## ACTION ITEM:
Every line below needs to be printed again exactly, without any of its pictures.

## MATERIAL PROVIDED:

▼

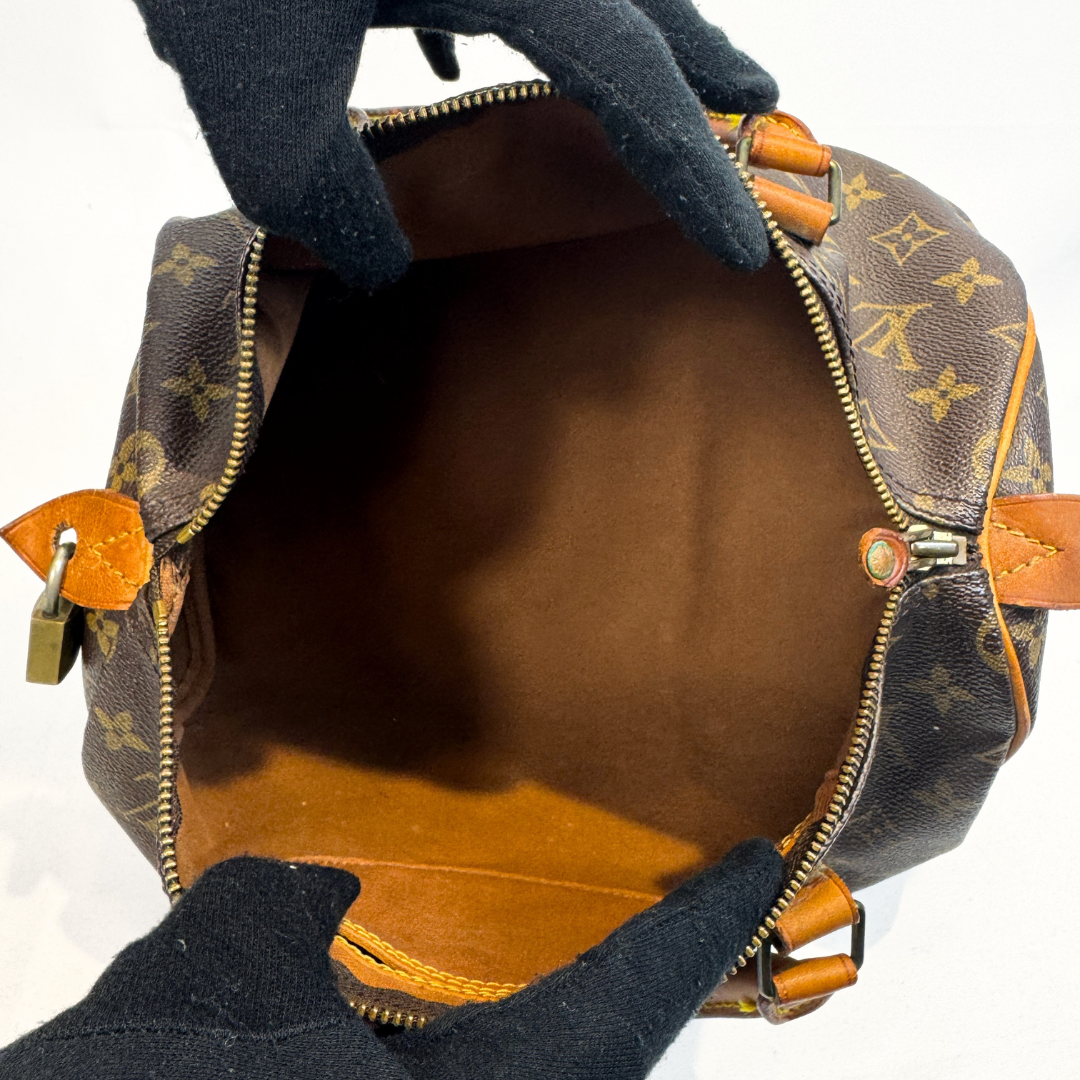 A Louis Vuitton monogram canvas Speedy handbag with brown leather handles and trim, photographed against a plain white background.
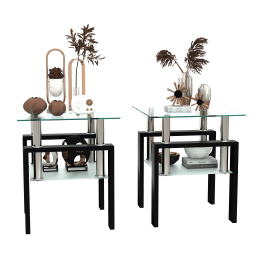 Set of 2, Modern Tempered Glass Tea Table Coffee Table End Table, Square Table for Living Room, Transparent/Black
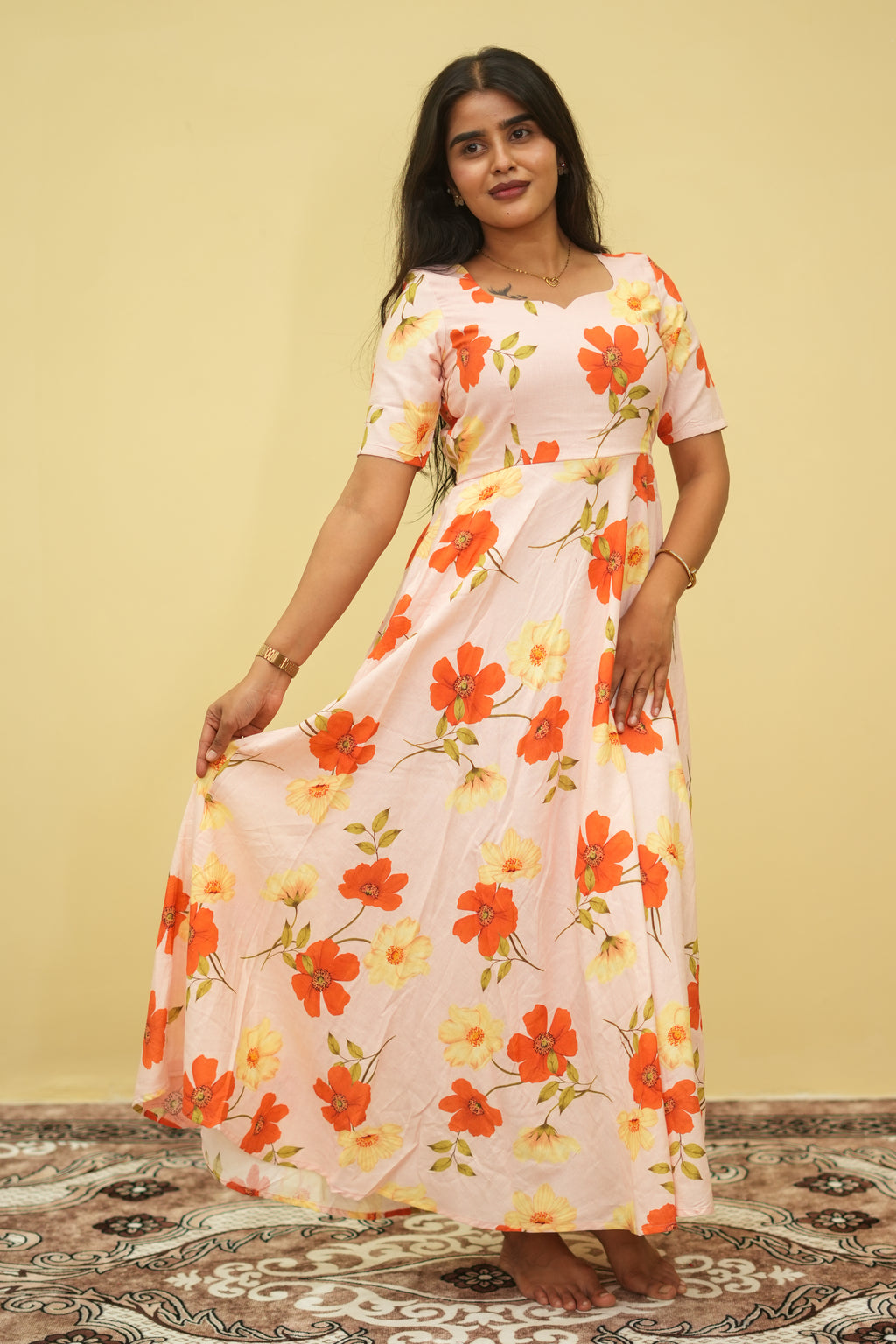 Blush Blossom Floral Maxi Dress for women | Floral Cotton Maxi Dresses | B - 003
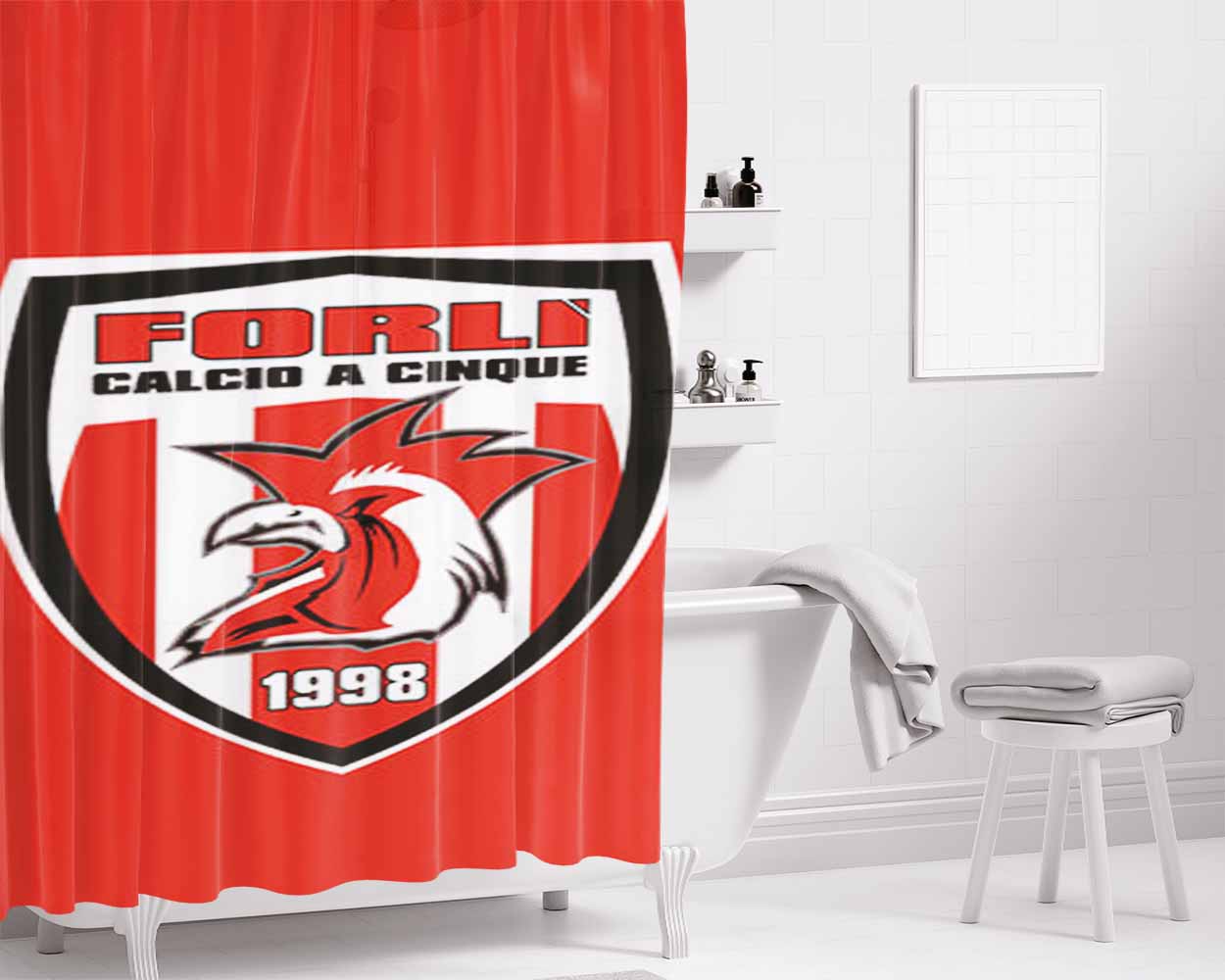Forli Calcio A Cinque Logo Bathroom Shower Curtain Fabric Waterproof | 66 X 72 Inch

▲

## ANSWER BOX:
 A Louis Vuitton monogram canvas Speedy handbag with brown leather handles and trim, photographed against a plain white background.
 Set of 2, Modern Tempered Glass Tea Table Coffee Table End Table, Square Table for Living Room, Transparent/Black
 Blush Blossom Floral Maxi Dress for women | Floral Cotton Maxi Dresses | B - 003
Forli Calcio A Cinque Logo Bathroom Shower Curtain Fabric Waterproof | 66 X 72 Inch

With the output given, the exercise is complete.